Most of the workloads have not yet caught up with Nvidia Hopper optimizations. The key are the Tensor Cores.

Google came up with the TPU (2015) for GEMM. Nvidia just took the idea and ran with it (Turing 2018). So it wasn't that Nvidia had a head start on this.

Now Nvidia Hopper is ahead of everybody else by far. They have things like async memory management for the tensor cores (Tensor Memory Accelerator), mixed precission, and even FP8 support.

Most of the software out there has not yet caught up with that. And even Nvidia's own Tensor Engine software is not making the best use of it (Microsoft Research October 2023, backward pass and cross-device communication).

Last year FlashAttention was a game changer for performance by doing memory load optimizations. Nobody was optimizing properly for Nvidia in Transformer models.


Systolic arrays for matrix multiplication go back farther than TPU.


The scale of this should tell us it's not just about building an alternative to Nvidia.

$7 trillion is like adding TSMC, Intel and AMD together, and multiplying that combination by seven.

This is about sheer capacity, not just circumventing CUDA.


Why not just give like a fraction of that to NVidia and tell them "make us more please, we will buy in bulk"?


What they are highly optimized for is mixed-precision GEMM (like all other accelerator manufacturers). What distinguishes Nvidia for now (imo) is that CUDA cores are also quite good at normal code (with control flow etc). I used to think that being close to optimal in one of them would contradict being close to optimal in the other but it turns out they share a lot of resources (SRAM) and the overhead in chip surface if one or the other is laying dormant seems negligible. I'm pretty sure that AMD et al will be sufficiently successful at blatantly copying the CUDA API that we will see serious competition in the next years. The bigger source of uncertainty might actually be fabbing capacity.

I find it hard to argue that this mode supports a 1.7T valuation. I find it hard to believe that for a couple of billions + TSMC credits no one would be able to recreate the CUDA ecosystem + hardware in the medium term.


Doesn't nvidia have huge margins? so if someone just makes a clone of the nvidia gpu then it can erode their margins and drive down the cost of compute


AMD will succeed at this as long as they keep it together.

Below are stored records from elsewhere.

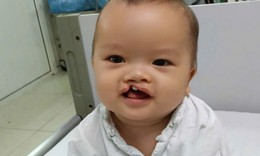 Bé trai 8 tháng tuổi bị bỏ rơi trước cổng chùa cần trợ giúp để phẫu thuật dị tật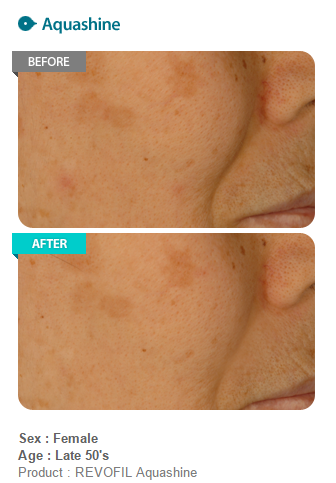 aquashine1-jpg.png aquashine1-jpg.png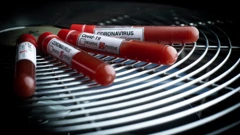 Koronavirus u Sloveniji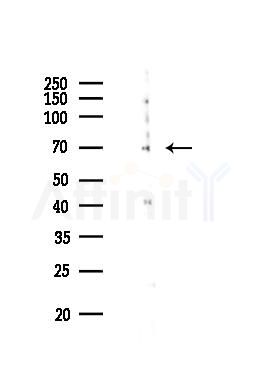 Phospho-ZAP70 (Tyr493) Mouse Monoclonal Antibody - Western blot analysis of lysates from COLO205 cells(UV 30min treatment), using Phospho-ZAP70 (Tyr493) Mouse Monoclonal Antibody at 1/1000 dilution.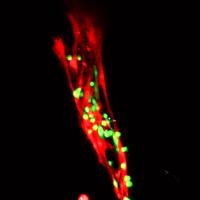 Injured Muscle Strand with Transplanted Stem Cells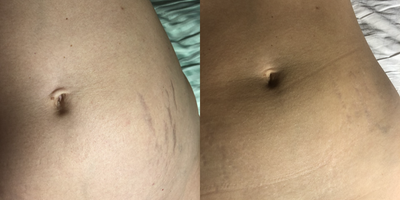 40-45 year old woman treated with Opus Plasma - After 1 Opus treatment and 2 Aerolase treatments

Everytime I'm tempted to think software is easy compared to hardware, I just remember that AMD is leaving about a trillion dollars worth of market cap on the table, because they haven't figured out a good alternative to CUDA.


They are definetly putting a lot of effort into ROCm & HIP, but definetly accelerating.

ROCm 6 was out Dec 16 (2023), 5.5 was May (2023). 5 was Feb 10 (2022). 4 was Dec 19 (2020)


Fred Brooks wrote in The Mythical Man-Month that it's harder (more time-consuming) to produce the software that corresponds to a given hardware. In 1975.


Hardware was much simpler and less complex then than now. I wonder how or if that's changed by going from hundreds or thousands of transistors to billions.


They’ll need to either reverse engineer CUDA or incentivize reimplementation of everything out there to use ROCm/OpenCL and forgo all the work load optimization done for Nvidia GPUs. I think that’s a non trivial moat.


This has been my perception of AMD for the past 20 years. First against Intel, then ARM, now NVIDIA. "If only ..."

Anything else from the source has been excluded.